┌─ DATASET EXCERPT

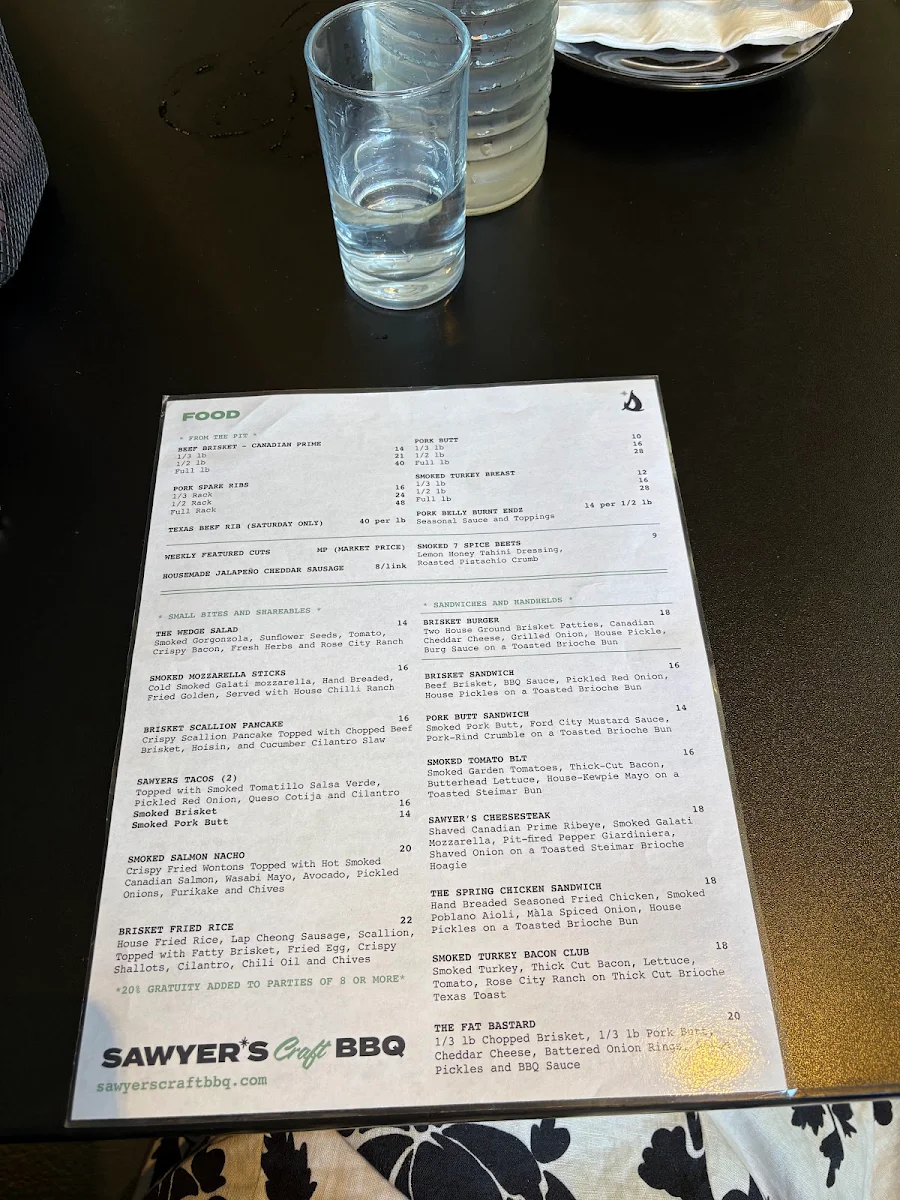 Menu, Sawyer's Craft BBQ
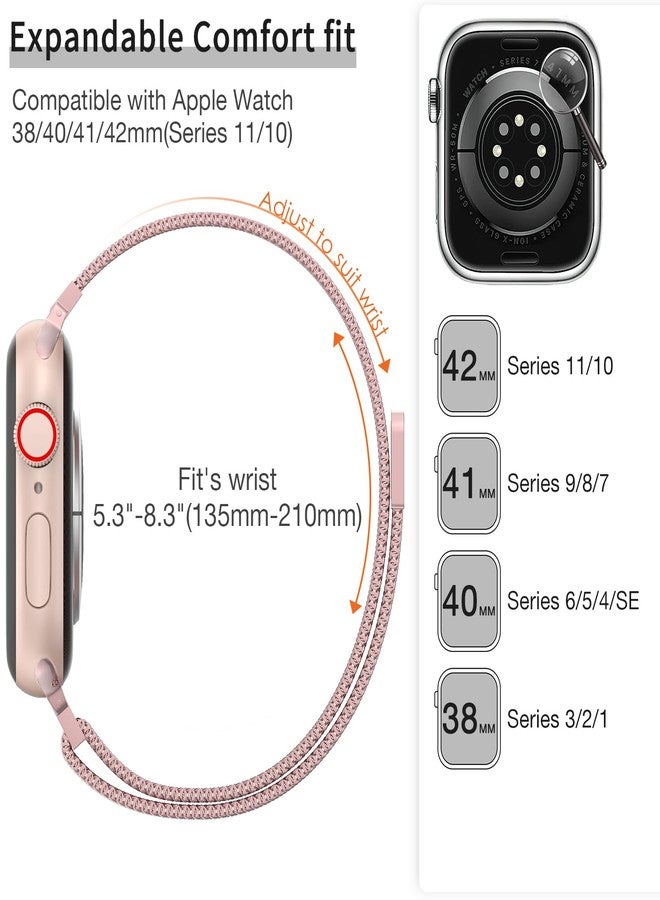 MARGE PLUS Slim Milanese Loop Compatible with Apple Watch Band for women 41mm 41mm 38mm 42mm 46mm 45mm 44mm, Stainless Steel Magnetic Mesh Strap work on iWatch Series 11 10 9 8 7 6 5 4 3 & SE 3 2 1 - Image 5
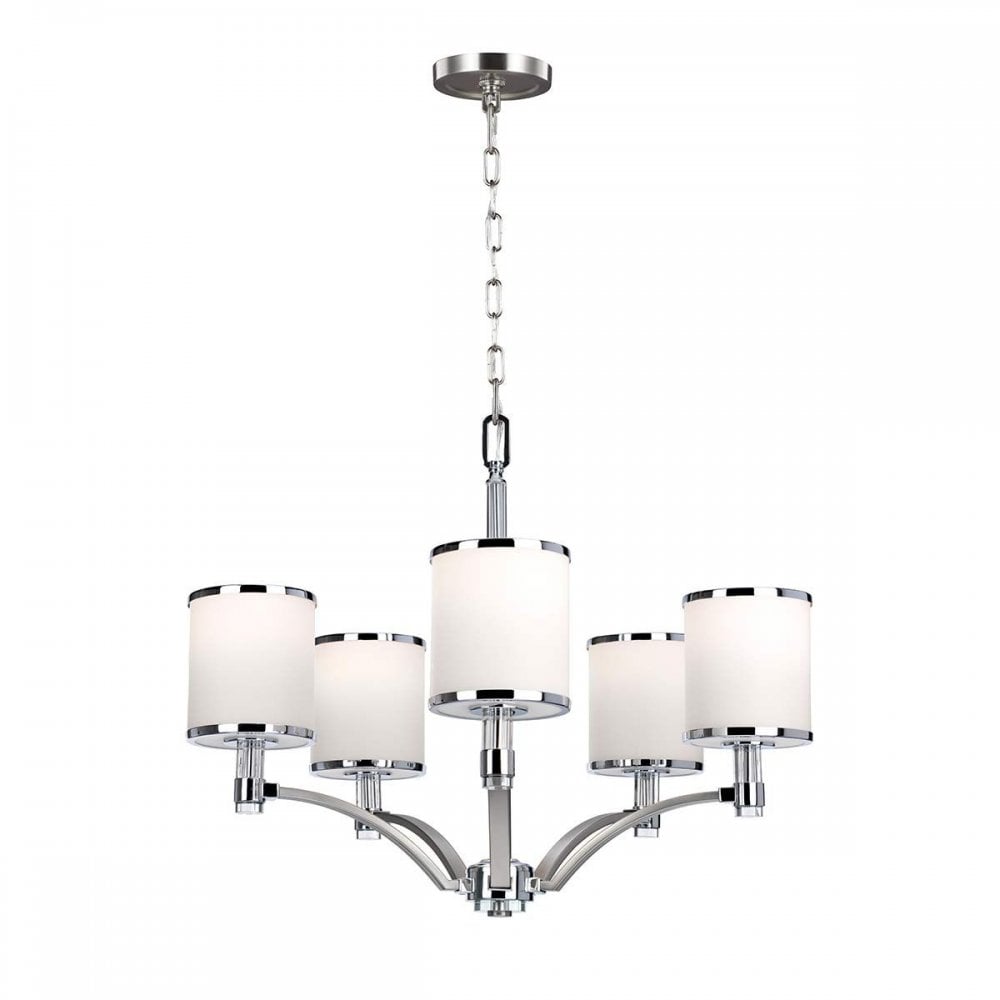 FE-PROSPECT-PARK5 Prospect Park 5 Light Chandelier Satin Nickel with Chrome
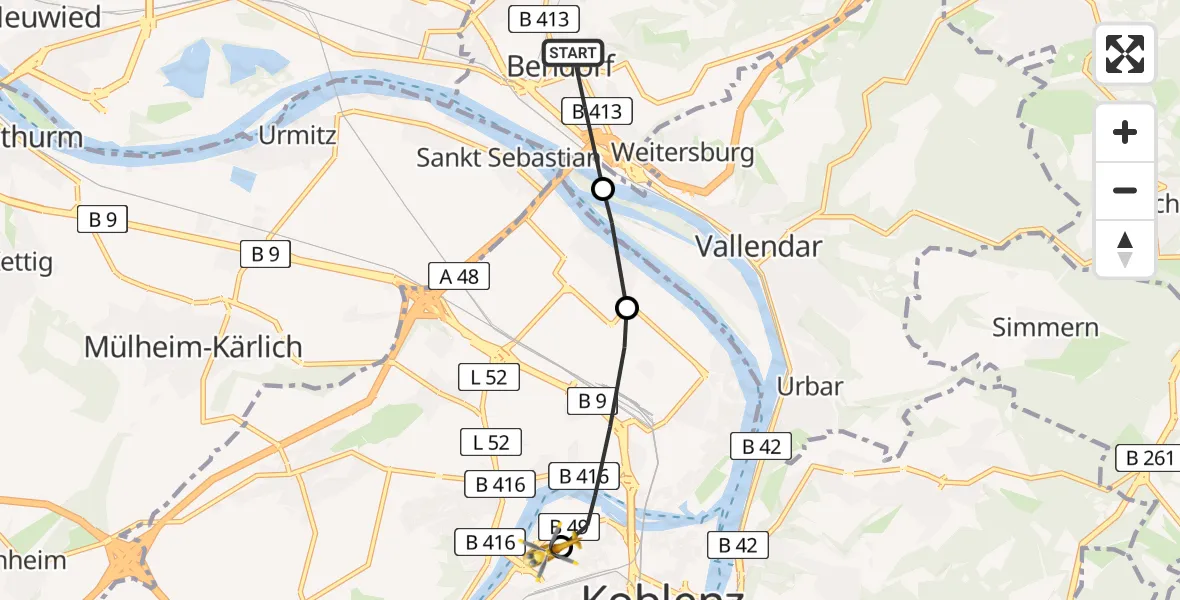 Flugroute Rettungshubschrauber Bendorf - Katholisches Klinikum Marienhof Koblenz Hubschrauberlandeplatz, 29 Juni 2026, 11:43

└─

Return the material above verbatim. Pictures are to be excluded.

• **RESULT**
 Menu, Sawyer's Craft BBQ
 MARGE PLUS Slim Milanese Loop Compatible with Apple Watch Band for women 41mm 41mm 38mm 42mm 46mm 45mm 44mm, Stainless Steel Magnetic Mesh Strap work on iWatch Series 11 10 9 8 7 6 5 4 3 & SE 3 2 1 - Image 5
 FE-PROSPECT-PARK5 Prospect Park 5 Light Chandelier Satin Nickel with Chrome
 Flugroute Rettungshubschrauber Bendorf - Katholisches Klinikum Marienhof Koblenz Hubschrauberlandeplatz, 29 Juni 2026, 11:43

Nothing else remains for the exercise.